About this exercise →
Starting at the first line of the data below, retype every line up to and including the one containing "(しんぱち食堂 東梅田店)".

Stored records

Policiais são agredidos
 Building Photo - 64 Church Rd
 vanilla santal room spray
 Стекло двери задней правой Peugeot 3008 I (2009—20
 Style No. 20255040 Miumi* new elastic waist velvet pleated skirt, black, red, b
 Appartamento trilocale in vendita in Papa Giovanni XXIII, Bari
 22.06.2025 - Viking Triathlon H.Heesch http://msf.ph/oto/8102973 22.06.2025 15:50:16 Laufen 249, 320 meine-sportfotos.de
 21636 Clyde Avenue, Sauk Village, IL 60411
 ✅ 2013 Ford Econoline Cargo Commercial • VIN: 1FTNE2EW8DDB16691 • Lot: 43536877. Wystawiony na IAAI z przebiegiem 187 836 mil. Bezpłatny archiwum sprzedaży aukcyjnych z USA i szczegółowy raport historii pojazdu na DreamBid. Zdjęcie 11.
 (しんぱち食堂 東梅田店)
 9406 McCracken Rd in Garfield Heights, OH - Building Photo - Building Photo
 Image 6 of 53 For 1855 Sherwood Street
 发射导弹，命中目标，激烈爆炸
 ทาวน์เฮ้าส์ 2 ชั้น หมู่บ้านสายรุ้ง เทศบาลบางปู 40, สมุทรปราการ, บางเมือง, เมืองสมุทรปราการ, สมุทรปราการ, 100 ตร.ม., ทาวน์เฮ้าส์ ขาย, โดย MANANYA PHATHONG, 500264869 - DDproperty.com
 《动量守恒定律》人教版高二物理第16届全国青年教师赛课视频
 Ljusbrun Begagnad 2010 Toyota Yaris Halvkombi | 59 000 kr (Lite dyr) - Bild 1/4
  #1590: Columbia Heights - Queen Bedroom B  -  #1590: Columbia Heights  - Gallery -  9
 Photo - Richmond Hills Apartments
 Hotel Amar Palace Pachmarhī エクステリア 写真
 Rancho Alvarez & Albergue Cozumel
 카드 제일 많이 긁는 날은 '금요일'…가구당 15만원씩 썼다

Answer →
Policiais são agredidos
 Building Photo - 64 Church Rd
 vanilla santal room spray
 Стекло двери задней правой Peugeot 3008 I (2009—20
 Style No. 20255040 Miumi* new elastic waist velvet pleated skirt, black, red, b
 Appartamento trilocale in vendita in Papa Giovanni XXIII, Bari
 22.06.2025 - Viking Triathlon H.Heesch http://msf.ph/oto/8102973 22.06.2025 15:50:16 Laufen 249, 320 meine-sportfotos.de
 21636 Clyde Avenue, Sauk Village, IL 60411
 ✅ 2013 Ford Econoline Cargo Commercial • VIN: 1FTNE2EW8DDB16691 • Lot: 43536877. Wystawiony na IAAI z przebiegiem 187 836 mil. Bezpłatny archiwum sprzedaży aukcyjnych z USA i szczegółowy raport historii pojazdu na DreamBid. Zdjęcie 11.
 (しんぱち食堂 東梅田店)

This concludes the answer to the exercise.